■ **YOUR TASK**: Set each entry down verbatim, omitting images.

■ **MATERIAL TO PROCESS**:
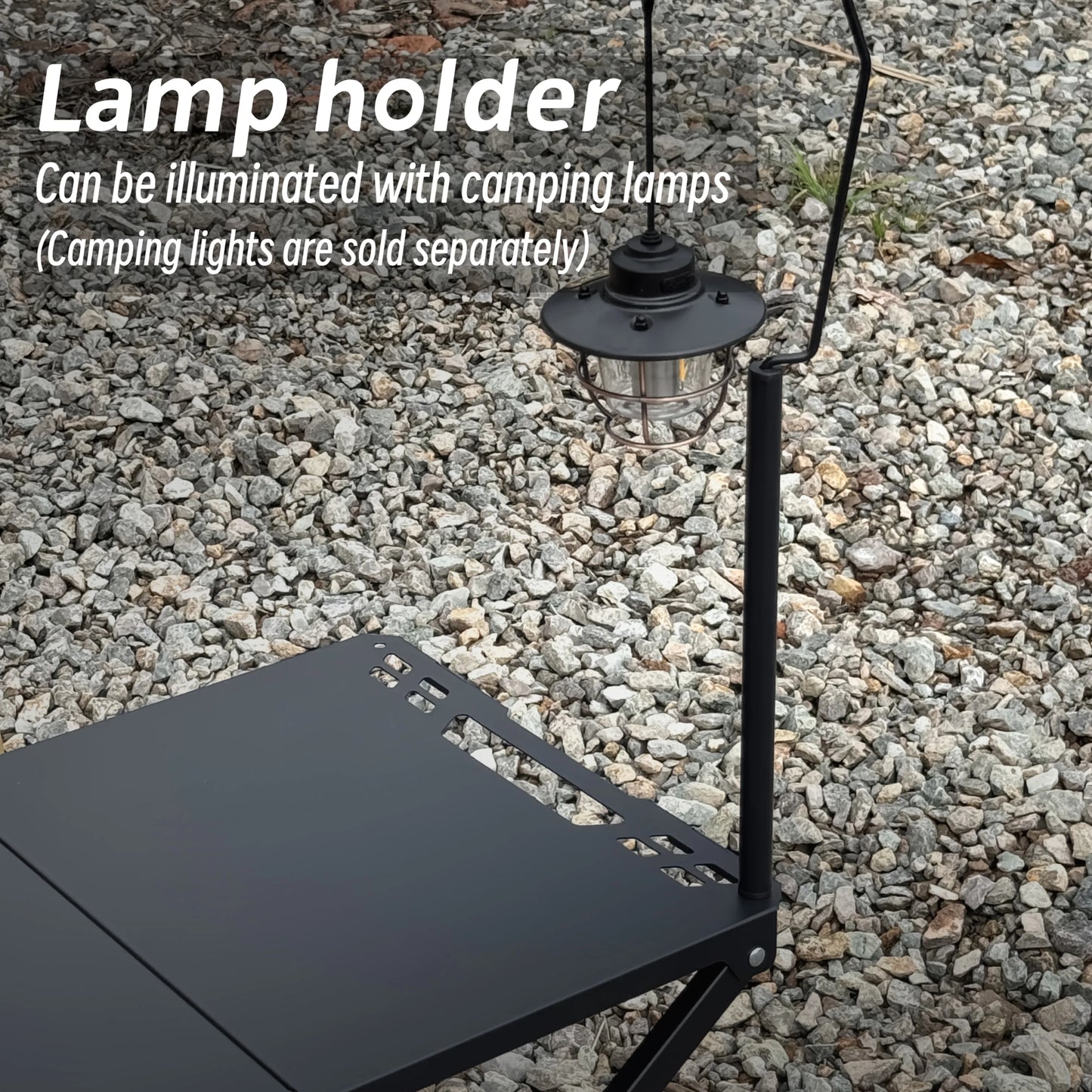 Portable Folding Camping Table - Camping Table Foldable, 300lb Weight Capacity & Compact Design for Outdoor Camping, Lightweight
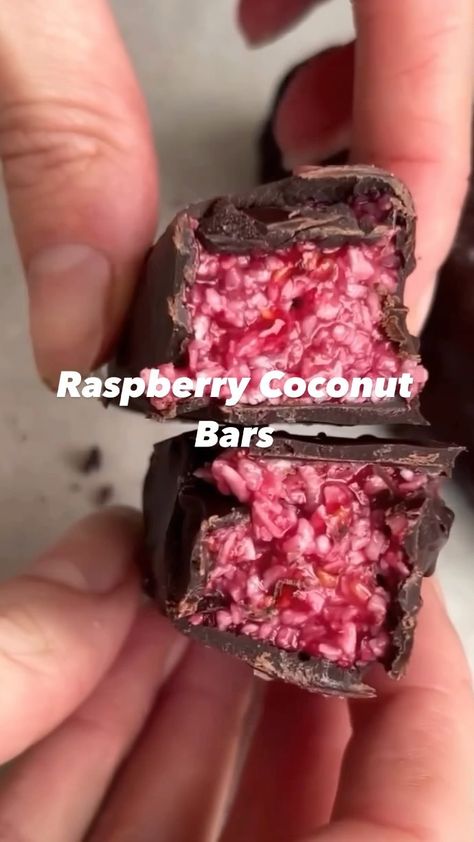 Easy Plant Based Recipes | Raspberry Coconut Bars ❤️ recipe below 🫶🏻 By @georginaburgess One of my fave no bake treats 🙌🏻 very similar to my raspberry coconut… | Instagram Raspberry Coconut Bars Recipe, Raspberry Coconut Bars, Coconut Truffles, Raspberry Bars, Raspberry Coconut, Plant Based Recipes Easy, Healthy Sides, Easy Plants, No Bake Treats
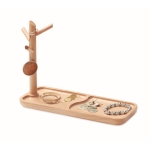 Organiseur d'objets en bois avec votre logo d'entreprise Neat couleur bois troisième vue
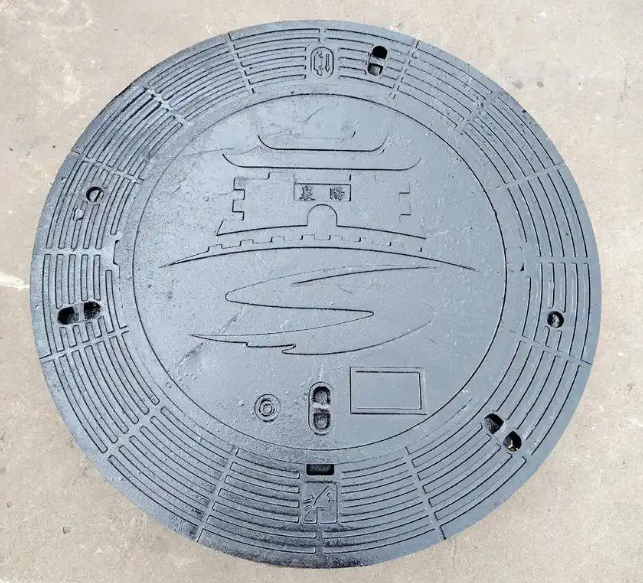 和田球墨铸铁井盖定制款展示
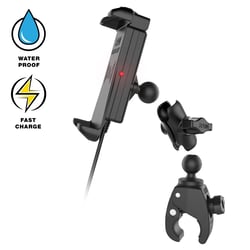 Ram Mounts RAM-B-400-A-UN14W-V7M-1 Quick-Grip 15W Waterproof Wireless Charging Mount with Tough-Claw — image 2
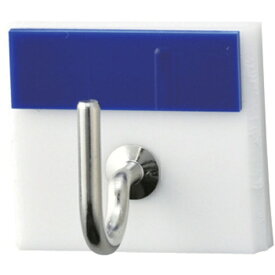 日本緑十字｜JAPAN GREEN CROSS 緑十字　キーハンガー　青　30×33mm　裏面テープ付　アクリル製 302003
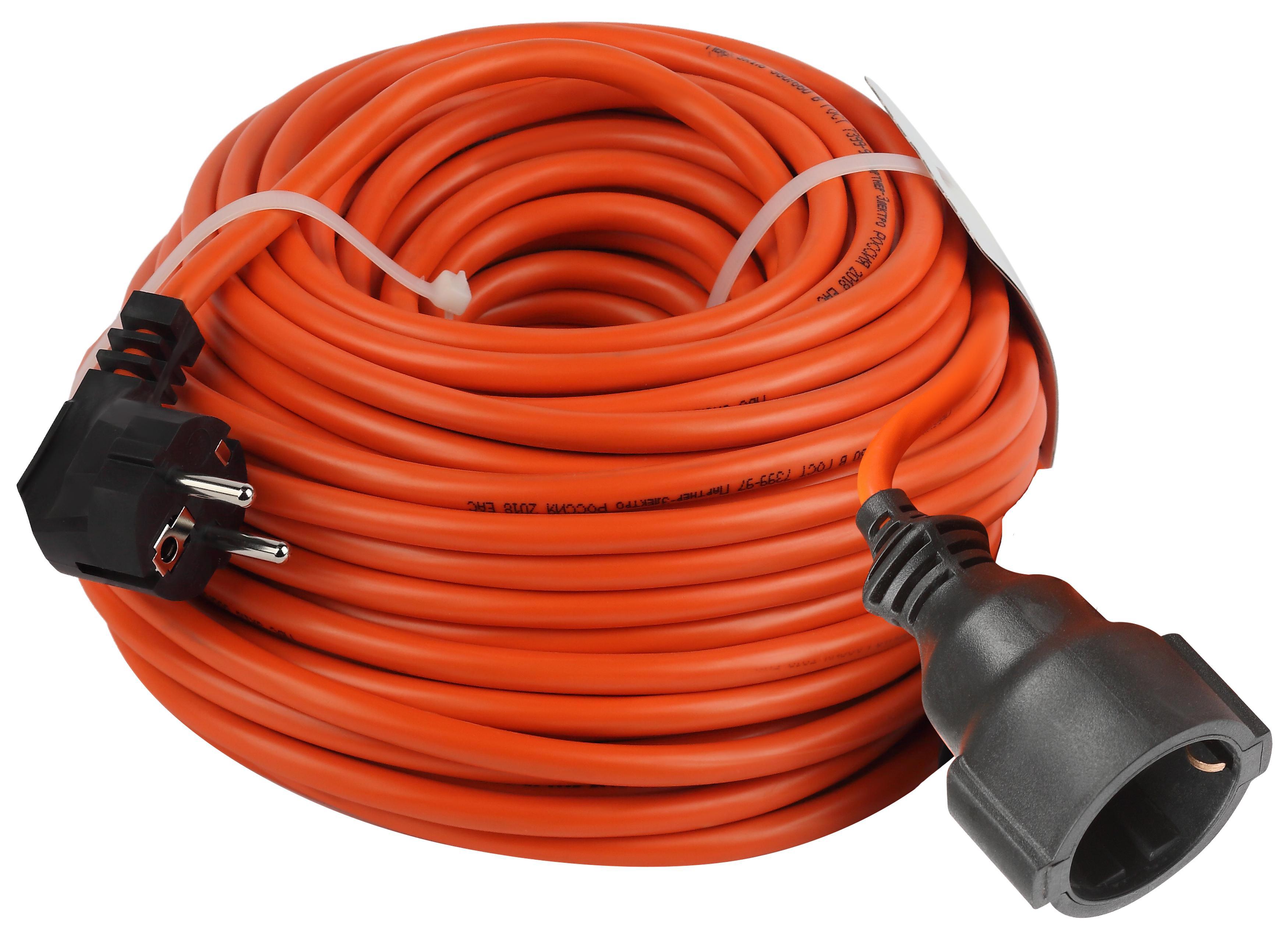 Изображение товара Удлинитель-шнур Эра Б0046817 1 розетка с заземлением 3x1.5 мм 30 м 3500 Вт цвет оранжевый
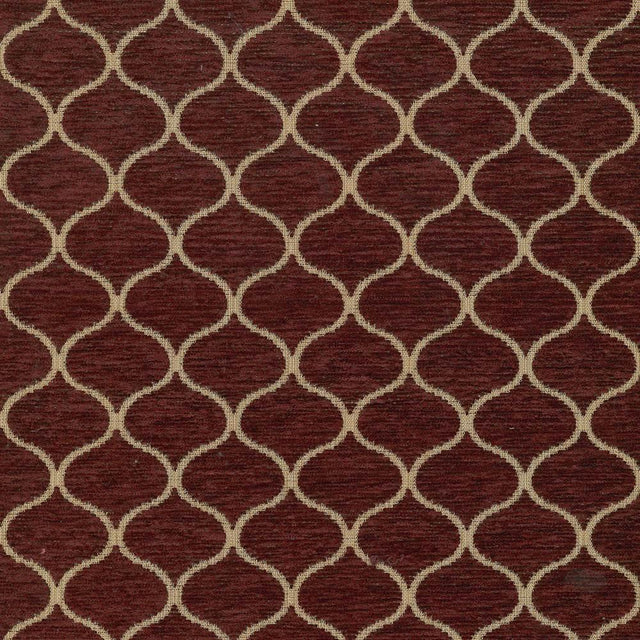 Kasmir Ogee Trellis Crimson Fabric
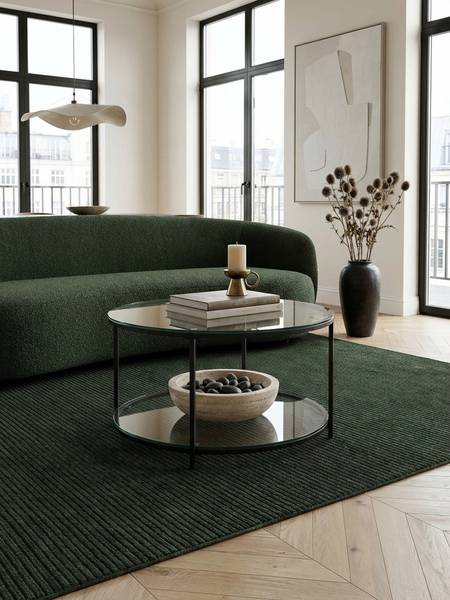 Couchtisch TREBBIA mit zwei Ablagen Metall - 80 x 45 x 80 cm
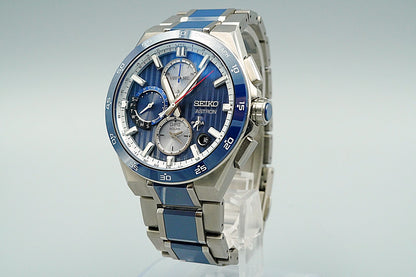 *TOP MINT* SEIKO Astron 5X83-0AA0-1 Solar Blue Round 43mm Mens Watch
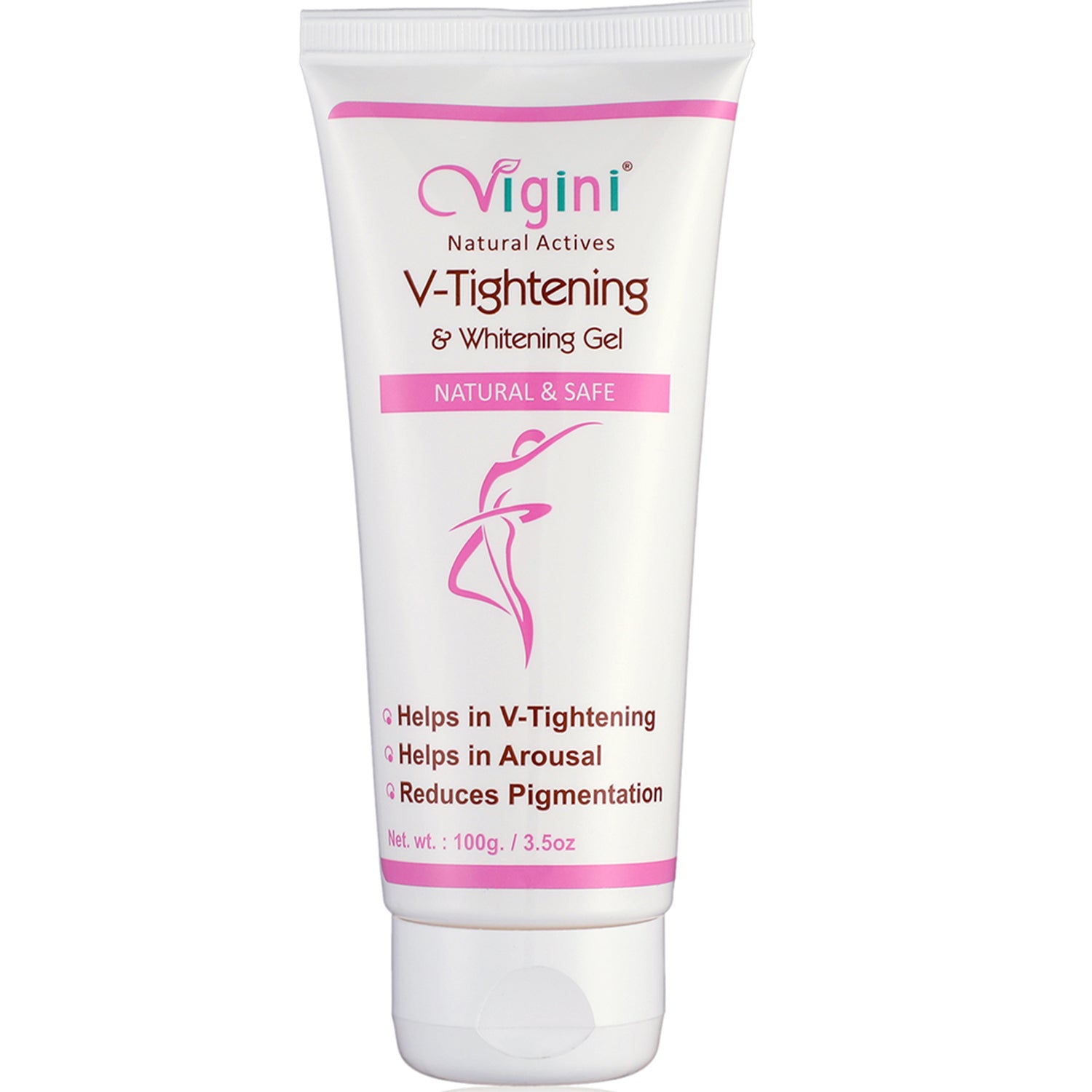 Vigini 100% Natural Actives  Vaginal V Tightening & Whitening Gel 100 gm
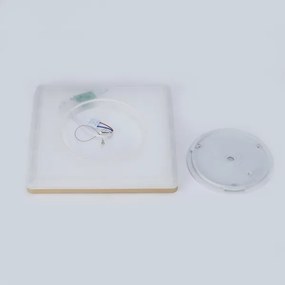 Brilagi - LED Fürdőszobai lámpatest ULTRA SLIM LED/18W/230V 30x30 cm aranyszínű IP54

■ **REPLY**:
 Portable Folding Camping Table - Camping Table Foldable, 300lb Weight Capacity & Compact Design for Outdoor Camping, Lightweight
 Easy Plant Based Recipes | Raspberry Coconut Bars ❤️ recipe below 🫶🏻 By @georginaburgess One of my fave no bake treats 🙌🏻 very similar to my raspberry coconut… | Instagram Raspberry Coconut Bars Recipe, Raspberry Coconut Bars, Coconut Truffles, Raspberry Bars, Raspberry Coconut, Plant Based Recipes Easy, Healthy Sides, Easy Plants, No Bake Treats
 Organiseur d'objets en bois avec votre logo d'entreprise Neat couleur bois troisième vue
 和田球墨铸铁井盖定制款展示
 Ram Mounts RAM-B-400-A-UN14W-V7M-1 Quick-Grip 15W Waterproof Wireless Charging Mount with Tough-Claw — image 2
 日本緑十字｜JAPAN GREEN CROSS 緑十字　キーハンガー　青　30×33mm　裏面テープ付　アクリル製 302003
 Изображение товара Удлинитель-шнур Эра Б0046817 1 розетка с заземлением 3x1.5 мм 30 м 3500 Вт цвет оранжевый
 Kasmir Ogee Trellis Crimson Fabric
 Couchtisch TREBBIA mit zwei Ablagen Metall - 80 x 45 x 80 cm
 *TOP MINT* SEIKO Astron 5X83-0AA0-1 Solar Blue Round 43mm Mens Watch
 Vigini 100% Natural Actives  Vaginal V Tightening & Whitening Gel 100 gm
 Brilagi - LED Fürdőszobai lámpatest ULTRA SLIM LED/18W/230V 30x30 cm aranyszínű IP54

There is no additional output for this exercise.